La confiance ne se décrète pas. Elle se construit. Dans l’intervalle, on s’observe avec prudence. L’un prend des initiatives, fait un pas, puis, diplomatiquement, se ravise laissant ainsi à l’autre l’espace nécessaire pour oser à son tour. C’est un peu le spectacle donné ce mardi 15 septembre 2009 par l’Orchestre philharmonique de Nice et son nouveau chef venu de Cannes, Philippe Bender.
Malgré un programme des plus éclectiques, ouvert aux influences multiples, la soirée fut monolithe, empreinte de retenue, coincée dans un surprenant classicisme pour des œuvres qui réclamaient pourtant de l’audace et du caractère. Mise à part « l’Ouverture de Candide », comédie musicale composée en 1956 par Leonard Bernstein jouée en introduction avec fougue, les trois autres morceaux de ce « concert exceptionnel » avaient de quoi lasser les nombreux auditeurs de la salle Apollon de l’Acropolis : la très célèbre « Rhapsody in blue », rhapsodie de concert pour piano et orchestre de George Gershwin, a donné lieu à une interprétation dénuée de tout empreinte « jazzy », rondouillarde malgré son rythme anguleux, sombrant corps et âmes dans un lyrisme larmoyant, voire ennuyeux. Si le pianiste Krystian Zimerman sauve brillamment les apparences en s’engageant dans un duel acharné -et un peu solitaire- avec sa difficile partition, le maestro Philipe Bender, lequel avait auparavant rôdé ce programme avec son ensemble de jeunes musiciens cannois, semble plutôt abandonner l’Orchestre à son sort, reprenant temporairement ici ou là son rôle de directeur. Voulait-il laisser davantage d’espace interprétatif au Philharmonique, alors que ses musiciens ont souvent critiqué son prédécesseur Marco Guidarini pour sa direction très « tenue » ? Voulait-il simplement le tester ? Toujours est-il que la formation niçoise, à laquelle s’était adjointe pour l’occasion une excellente flûtiste de l’Orchestre régional de Cannes, a plutôt bien assumé cette « vacance » inattendue de pouvoir.

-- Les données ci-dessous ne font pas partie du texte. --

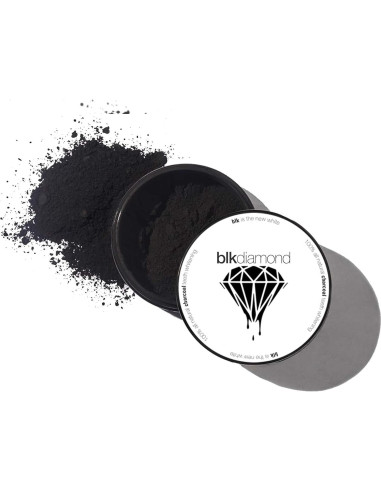 Polvo Blanqueador Dental de Carbón Activado Blkdiamond 59g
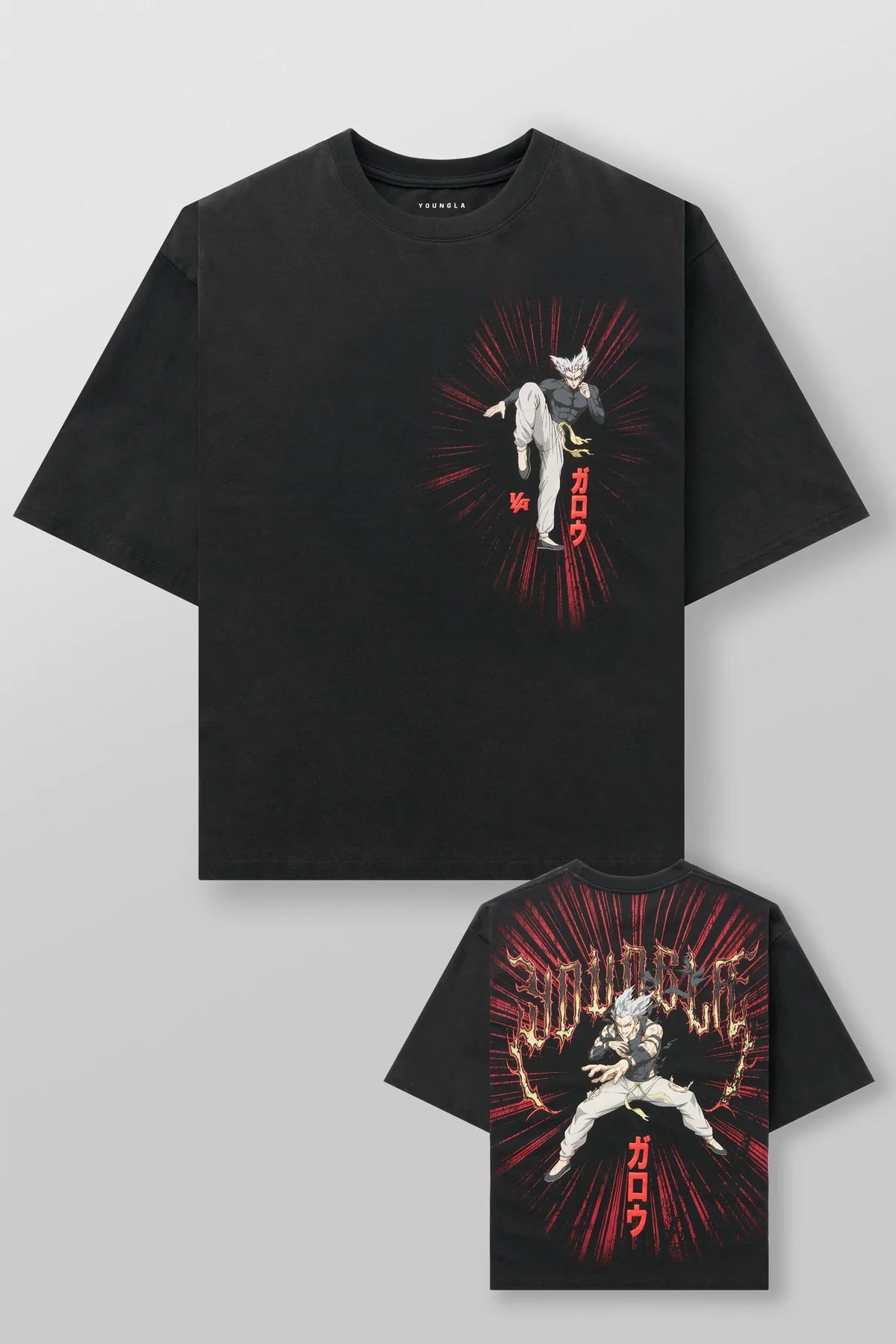 YoungLA One Punch Man Tee “Hero Hunter”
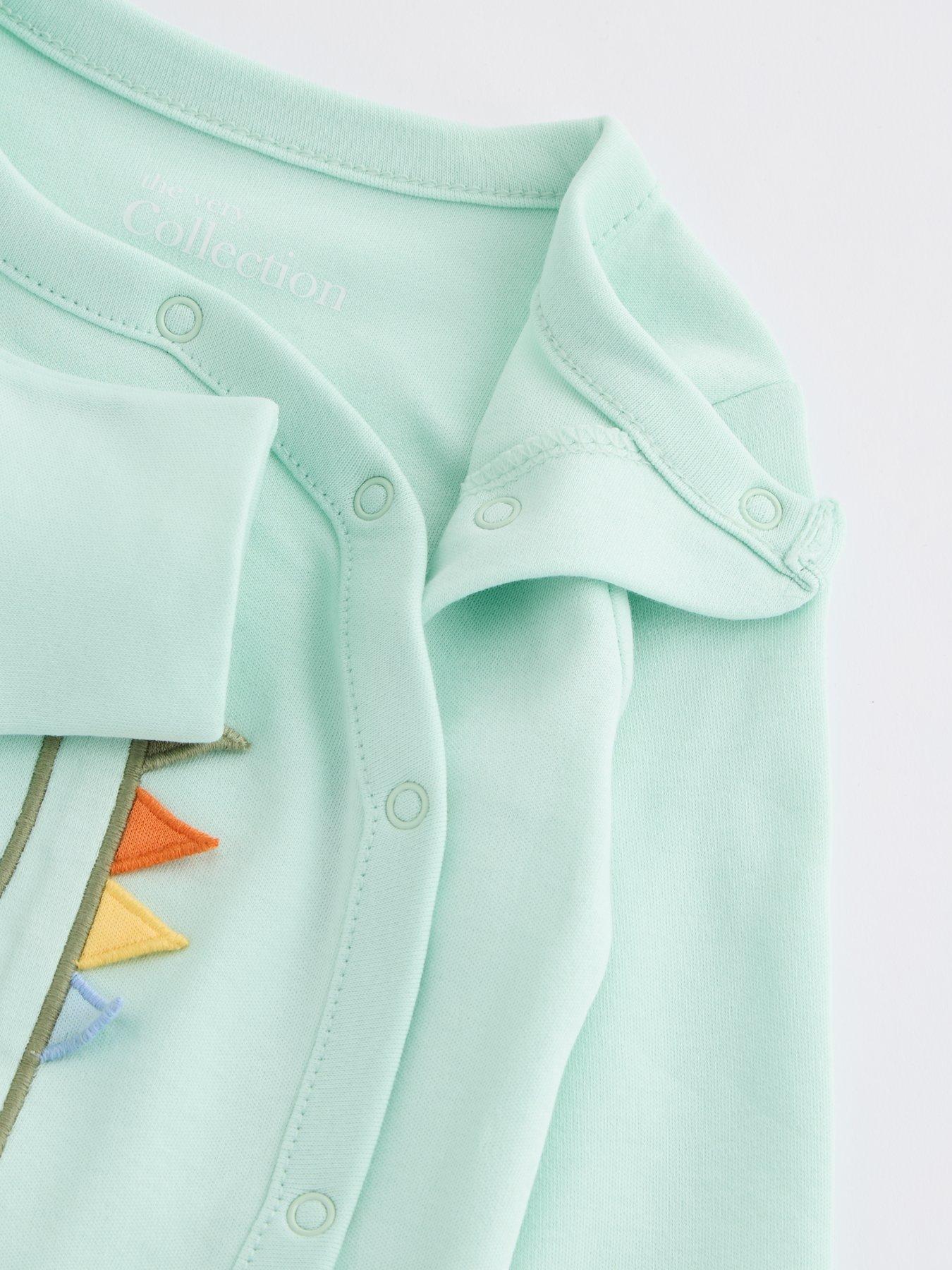 Image 4 of 4 of The Very Collection Little Dino Sleepsuit - Green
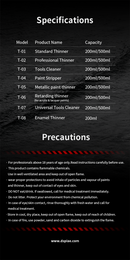 DSPIAE - Colour Master - Thinner (15 Types)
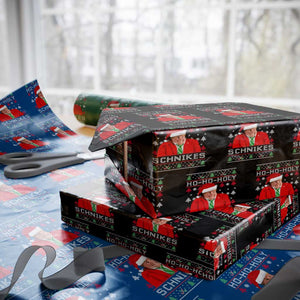 Funny Ugly Christmas Wrapping Paper Roll Chris Holy Schnikes Farley TS10 Black Print Your Wear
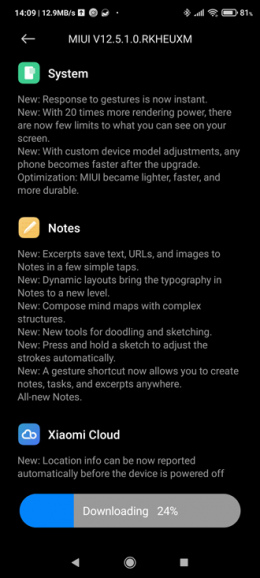 Poco F3 MIUI 12.5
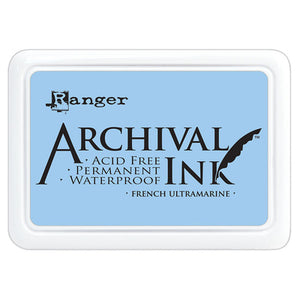 Archival Ink Pad - French Ultramarine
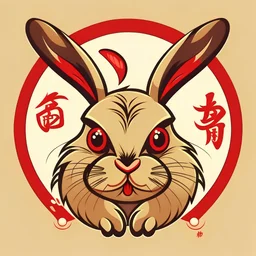 Angry rabbit, chinese zodiac sign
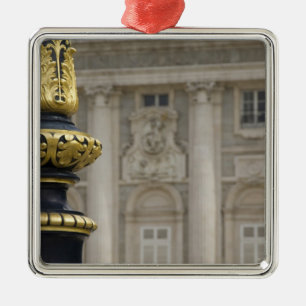 Spain, Madrid. Royal Palace, ornate gilded lamp Metal Tree Decoration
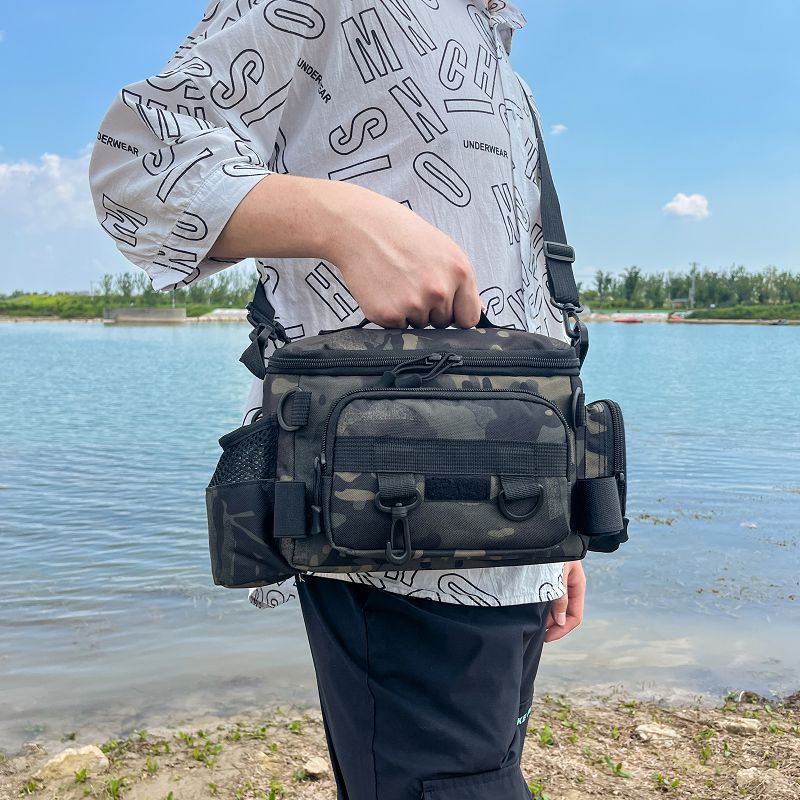 Fishing Backpack - Bolsa Táctica Multifuncional para Cintura, Pecho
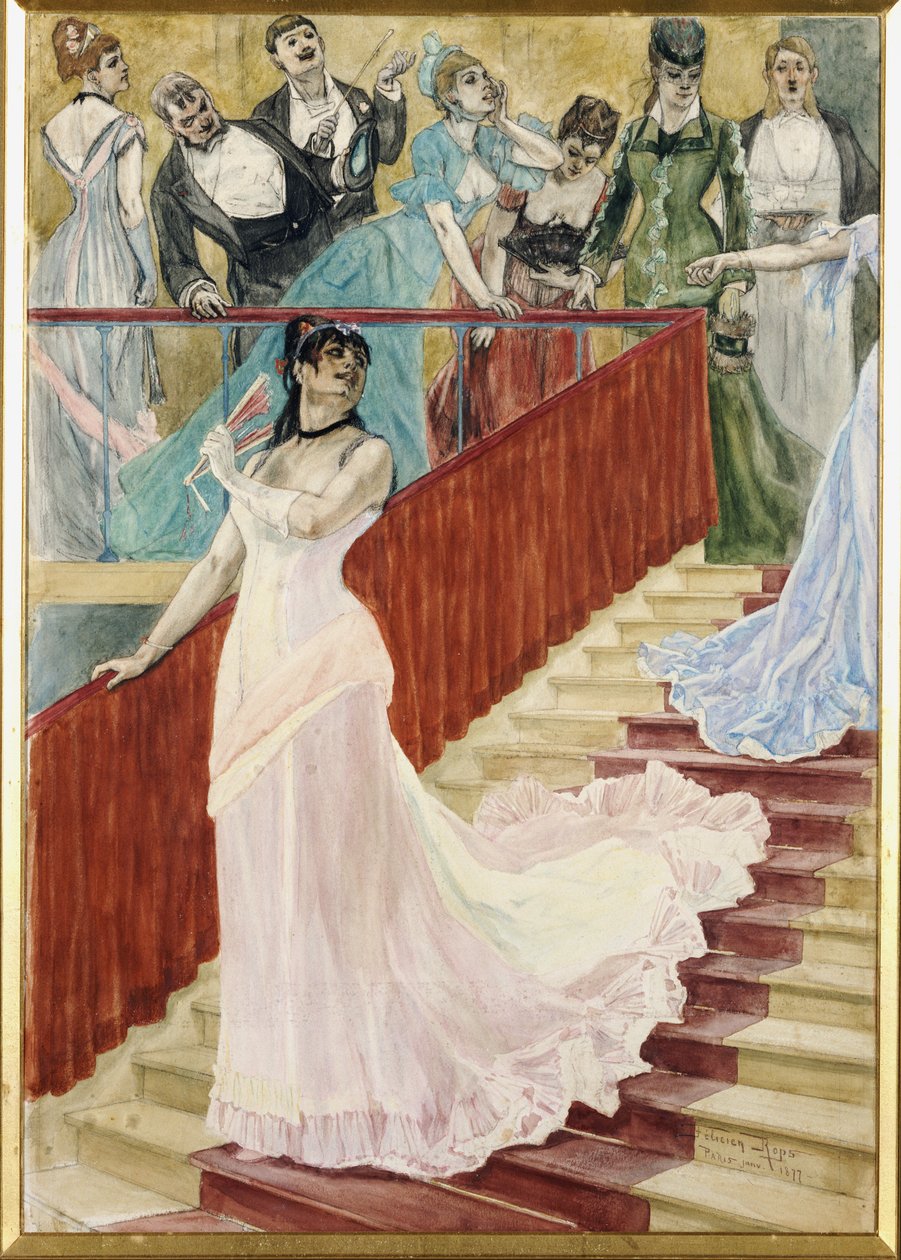 Wiersz, 1877 autorstwa Félicien Rops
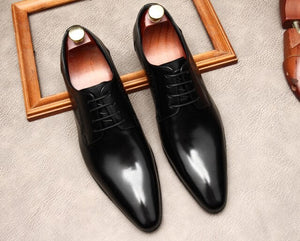 Men Genuine Leather Designer Oxford Shoes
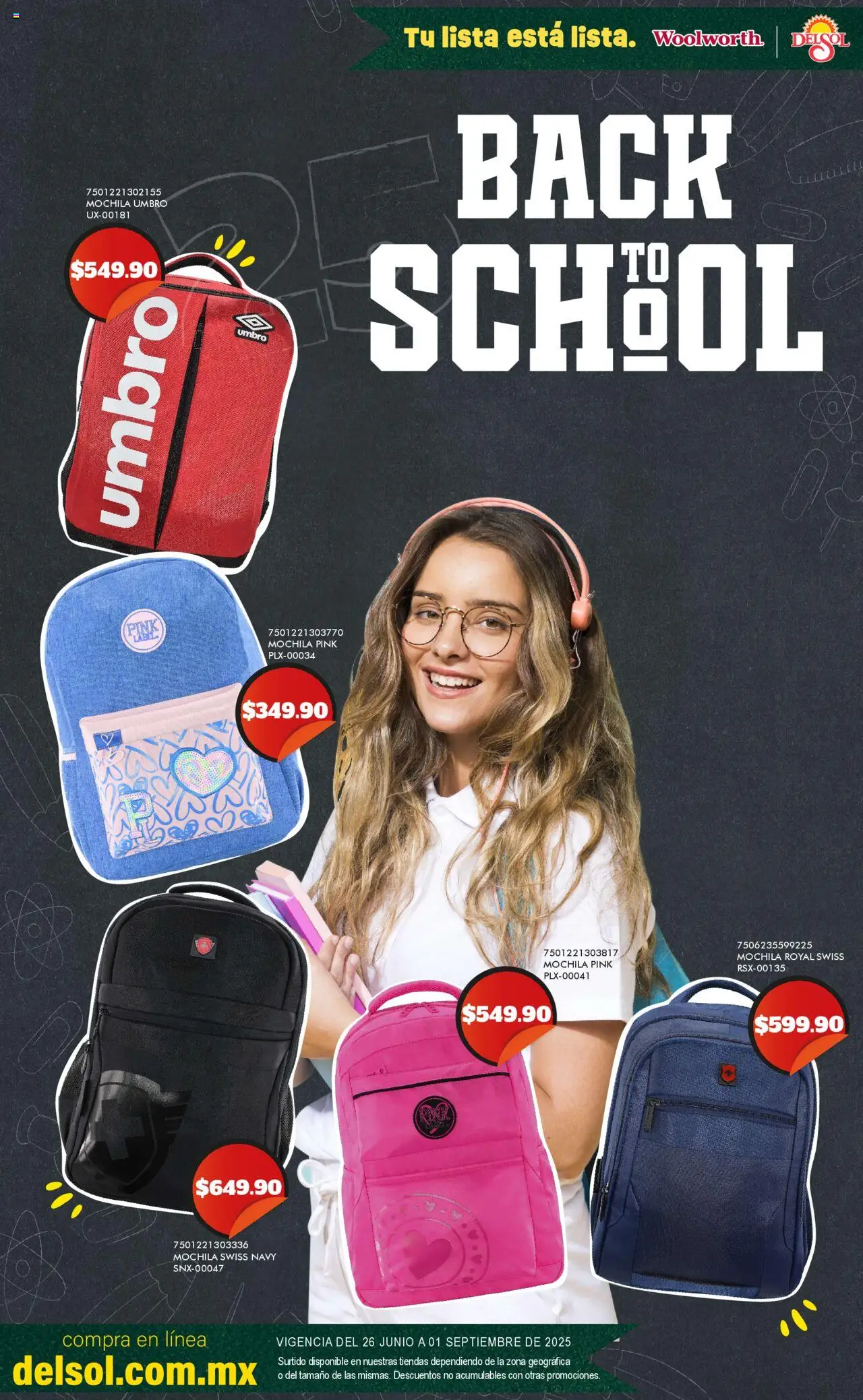 Del Sol y Woolworth catálogo Toda Tu Lista Está Lista En Tiendas - página 52- válido desde 26/06/2025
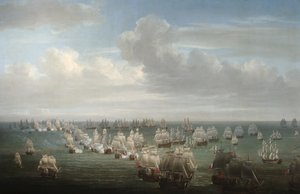 De slag bij Trafalgar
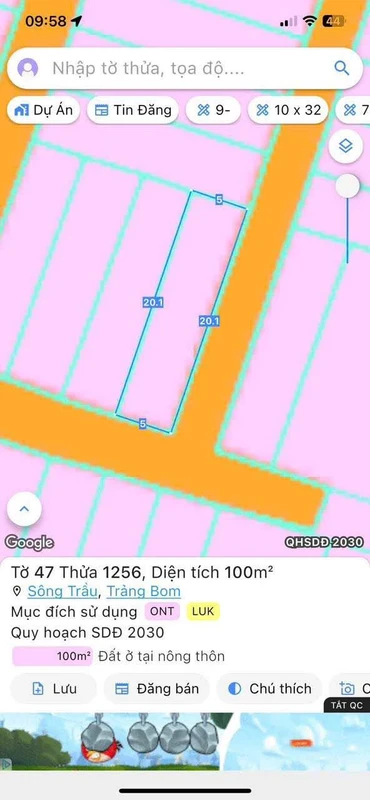 Bán lô góc đất 5x20m Nguyễn Hoàng Bình Dương
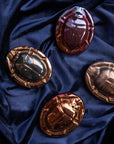 Limited Edition Scarab Paperweights | Copper Iridescent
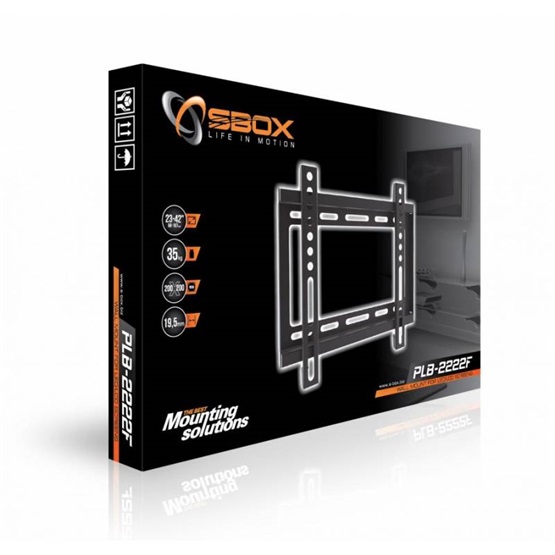 SBOX PLB-2222F 23"-42" fix fali konzol Fekete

Malheureusement, le même scénario s’est imposé dans « El sombrero de tres picos » (deuxième suite) de Manuel De Falla et « Daphnis et Chloé » (deuxième suite) de Maurice Ravel. Issues des deux ballets créés par les célèbres Ballets Russes, sur une commande de Sergueï Diaghilev, ces deux œuvres possèdent une marque puissante inspirée par leurs auteurs. Force est néanmoins de constater que la riche couleur ibérique de la première semble avoir été « javellisée » par une direction minimaliste et fade tandis que la seconde a forcé sur une discutable interprétation purement romantique, enchaînant de larges phrasés mélodiques qui altéraient la délicate minutie de l’écriture ravélienne.
In extremis, un « bis » dédié aux victimes américaines du 11 septembre a fait souffler dans la salle une authentique émotion qu’on aurait aimé déceler un peu plus tôt.